[Updated 03/05/2016: New-ContainerNetwork at the end of this post.]
In Windows Server 2016 Technical Preview 4 and Windows 10 build #1058, Microsoft included a new Virtual Switch Type called Network Address Translation (NAT), which allows Virtual Machines to have an Internal Network and connect to the physical world and have Internet access. The NAT mode was basically built for Windows Server Containers and Hyper-V Containers, because Windows containers function similarly to virtual machines in regards to networking. Each container has a virtual network adapter which is connected to a virtual switch, over which inbound and outbound traffic is forwarded.
This feature is so convenient to give Internet access to virtual machines without bridging the Wi-Fi adapters or using RRAS / Linux server.
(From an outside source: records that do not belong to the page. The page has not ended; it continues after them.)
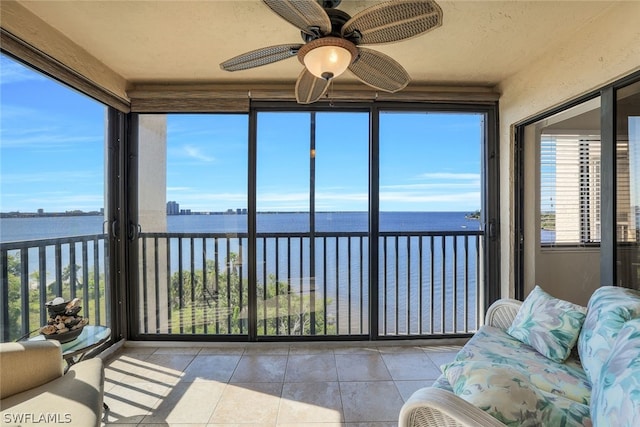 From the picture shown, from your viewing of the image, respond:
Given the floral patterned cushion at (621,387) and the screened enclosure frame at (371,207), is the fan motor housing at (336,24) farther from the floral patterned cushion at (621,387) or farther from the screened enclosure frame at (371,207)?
the floral patterned cushion at (621,387)

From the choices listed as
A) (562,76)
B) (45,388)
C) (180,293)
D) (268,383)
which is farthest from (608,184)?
(180,293)

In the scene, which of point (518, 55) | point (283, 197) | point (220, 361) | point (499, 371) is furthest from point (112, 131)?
point (518, 55)

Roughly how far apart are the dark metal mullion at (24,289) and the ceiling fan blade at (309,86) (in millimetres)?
2081

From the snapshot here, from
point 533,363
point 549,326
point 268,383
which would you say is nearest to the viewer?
point 533,363

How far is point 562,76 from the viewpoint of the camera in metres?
2.05

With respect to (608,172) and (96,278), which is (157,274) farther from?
(608,172)

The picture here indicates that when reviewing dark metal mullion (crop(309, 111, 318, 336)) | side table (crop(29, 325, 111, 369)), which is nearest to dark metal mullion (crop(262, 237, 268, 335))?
dark metal mullion (crop(309, 111, 318, 336))

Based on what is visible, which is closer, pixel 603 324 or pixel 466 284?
pixel 603 324

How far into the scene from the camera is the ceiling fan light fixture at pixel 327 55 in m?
1.33

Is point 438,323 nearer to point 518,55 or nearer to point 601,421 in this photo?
point 601,421

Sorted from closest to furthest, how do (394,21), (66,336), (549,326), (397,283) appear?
1. (394,21)
2. (549,326)
3. (66,336)
4. (397,283)

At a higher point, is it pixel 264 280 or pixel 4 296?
pixel 4 296

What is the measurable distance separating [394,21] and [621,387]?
1.49m

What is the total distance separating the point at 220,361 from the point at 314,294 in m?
1.02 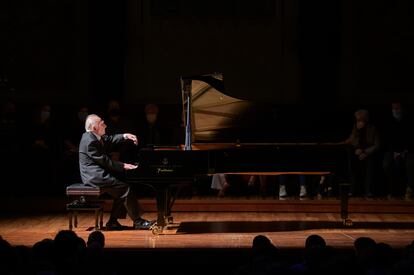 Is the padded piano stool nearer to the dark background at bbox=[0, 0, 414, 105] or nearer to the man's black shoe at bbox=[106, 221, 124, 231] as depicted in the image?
the man's black shoe at bbox=[106, 221, 124, 231]

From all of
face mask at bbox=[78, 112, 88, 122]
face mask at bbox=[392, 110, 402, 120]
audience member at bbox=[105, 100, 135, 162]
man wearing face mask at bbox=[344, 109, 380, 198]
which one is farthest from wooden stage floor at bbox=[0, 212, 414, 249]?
face mask at bbox=[78, 112, 88, 122]

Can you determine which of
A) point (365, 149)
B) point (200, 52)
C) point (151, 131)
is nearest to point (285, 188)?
point (365, 149)

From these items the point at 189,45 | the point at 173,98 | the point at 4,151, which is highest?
the point at 189,45

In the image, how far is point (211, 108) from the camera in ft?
24.6

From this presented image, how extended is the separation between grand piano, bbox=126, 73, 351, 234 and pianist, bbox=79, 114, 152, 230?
11.8 inches

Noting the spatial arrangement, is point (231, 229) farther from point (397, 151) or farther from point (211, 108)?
point (397, 151)

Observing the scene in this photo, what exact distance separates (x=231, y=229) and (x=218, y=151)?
0.90 meters

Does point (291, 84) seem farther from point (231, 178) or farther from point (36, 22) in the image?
point (36, 22)

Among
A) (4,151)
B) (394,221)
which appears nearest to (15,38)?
(4,151)

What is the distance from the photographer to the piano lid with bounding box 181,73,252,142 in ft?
23.9

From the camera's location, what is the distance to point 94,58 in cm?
1106

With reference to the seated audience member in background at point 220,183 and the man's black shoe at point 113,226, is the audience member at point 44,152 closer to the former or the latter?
the seated audience member in background at point 220,183

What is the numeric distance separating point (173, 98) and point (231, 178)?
68.9 inches

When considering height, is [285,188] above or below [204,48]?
below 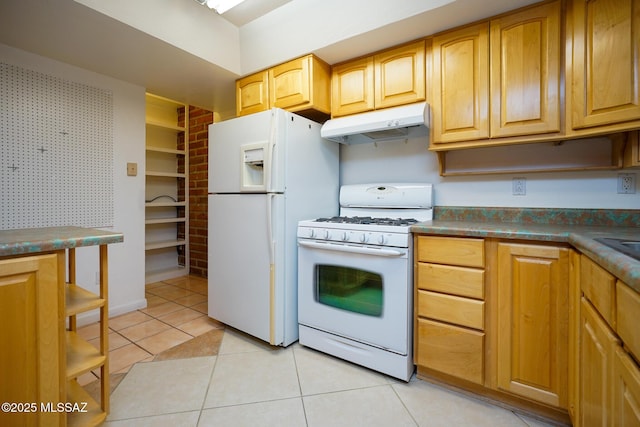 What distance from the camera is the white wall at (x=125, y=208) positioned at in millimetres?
2428

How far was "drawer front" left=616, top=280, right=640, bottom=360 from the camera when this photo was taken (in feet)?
2.34

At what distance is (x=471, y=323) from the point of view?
58.4 inches

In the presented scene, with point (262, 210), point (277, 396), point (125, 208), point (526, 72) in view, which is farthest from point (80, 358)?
point (526, 72)

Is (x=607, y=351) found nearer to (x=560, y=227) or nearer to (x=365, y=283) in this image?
(x=560, y=227)

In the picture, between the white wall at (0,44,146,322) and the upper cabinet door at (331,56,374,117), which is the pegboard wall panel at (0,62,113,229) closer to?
the white wall at (0,44,146,322)

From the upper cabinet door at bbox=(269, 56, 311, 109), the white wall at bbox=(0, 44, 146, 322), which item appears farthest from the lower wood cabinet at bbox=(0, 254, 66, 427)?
the upper cabinet door at bbox=(269, 56, 311, 109)

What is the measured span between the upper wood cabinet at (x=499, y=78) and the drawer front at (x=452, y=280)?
0.79 m

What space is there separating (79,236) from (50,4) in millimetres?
1319

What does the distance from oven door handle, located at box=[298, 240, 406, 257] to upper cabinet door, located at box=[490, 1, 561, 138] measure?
89cm

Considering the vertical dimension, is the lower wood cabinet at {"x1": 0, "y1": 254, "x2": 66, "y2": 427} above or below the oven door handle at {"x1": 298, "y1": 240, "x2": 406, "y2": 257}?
below

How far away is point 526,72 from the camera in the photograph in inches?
61.3

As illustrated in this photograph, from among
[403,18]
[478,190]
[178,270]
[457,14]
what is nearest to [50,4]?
[403,18]

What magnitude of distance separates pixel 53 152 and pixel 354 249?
2.37 meters

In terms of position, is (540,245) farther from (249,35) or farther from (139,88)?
(139,88) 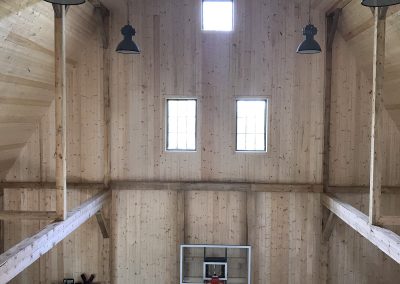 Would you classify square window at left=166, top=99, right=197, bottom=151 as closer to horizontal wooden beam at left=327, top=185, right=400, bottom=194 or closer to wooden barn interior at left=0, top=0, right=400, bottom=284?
wooden barn interior at left=0, top=0, right=400, bottom=284

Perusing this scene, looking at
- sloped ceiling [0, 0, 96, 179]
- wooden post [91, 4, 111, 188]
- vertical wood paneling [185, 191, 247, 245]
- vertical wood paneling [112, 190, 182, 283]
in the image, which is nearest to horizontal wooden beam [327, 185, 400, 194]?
vertical wood paneling [185, 191, 247, 245]

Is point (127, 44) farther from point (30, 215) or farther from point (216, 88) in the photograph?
point (30, 215)

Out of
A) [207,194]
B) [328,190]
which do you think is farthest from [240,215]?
[328,190]

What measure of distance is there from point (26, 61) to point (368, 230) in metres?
4.98

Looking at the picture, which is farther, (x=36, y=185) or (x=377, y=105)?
(x=36, y=185)

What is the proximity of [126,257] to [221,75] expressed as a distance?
12.7 ft

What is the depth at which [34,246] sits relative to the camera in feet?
13.0

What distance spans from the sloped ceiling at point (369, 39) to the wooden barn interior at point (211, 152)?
15 cm

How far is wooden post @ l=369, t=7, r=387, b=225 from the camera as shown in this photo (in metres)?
4.51

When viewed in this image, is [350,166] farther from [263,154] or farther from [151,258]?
[151,258]

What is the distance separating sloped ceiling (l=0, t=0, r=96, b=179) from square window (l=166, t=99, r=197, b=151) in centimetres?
199

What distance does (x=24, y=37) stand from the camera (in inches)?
191

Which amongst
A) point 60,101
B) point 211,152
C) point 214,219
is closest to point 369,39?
point 211,152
This feature was not exposed in the UI, you need to use PowerShell to create the “NAT” Virtual Switch type.
In Windows Server 2016 Technical Preview 5 and the latest Windows 10 build #14295, Microsoft removed “NAT” VM Switch Type… It’s gone!
However, the good news is, the NAT networks can still be created and customized using PowerShell cmdlets but in different way.
Network Address Translation Overview
Each virtual machine is connected to an internal virtual switch and will use WinNAT to connect to a private IP subnet. WinNAT gives a virtual machine access to network resources using the host computer’s IP address and a port. WinNAT will perform both network address translation (NAT) and port address translation (PAT) between the container / Hyper-V host and the containers / virtual machines themselves.
This feature is not included in the UI of course, but you can use PowerShell to create the “NAT” internal Virtual Switch.
Step 1 – Create internal virtual switch
New-VMSwitch –SwitchName “NAT_vSwitch” –SwitchType Internal –Verbose
Step 2 – Configure NAT gateway
In order to configure a NAT gateway using New-NetIPAddress, you’ll need a bit of information about your network, you would use the following syntax. Notice that additional parameters including IPAddress, PrefixLength and InterfaceIndex can be specified by using PowerShell.
New-NetIPAddress –IPAddress 172.31.1.1 -PrefixLength 24 -InterfaceIndex 16 –Verbose
- IPAddress: IPv4 or IPv6 address to use as the NAT gateway IP which will be assigned to the (vEthernet) internal switch.
PrefixLength: Is a subnet mask, the range will be a value from 0 up to 32. You want to define a Subnet Mask to be used by the NAT internal switch.
InterfaceIndex: Is the interface index of the internal switch that we created in Step 1. You can use Get-NetAdapter to determine the ifIndex number. In my case here, the Interface Index is 16.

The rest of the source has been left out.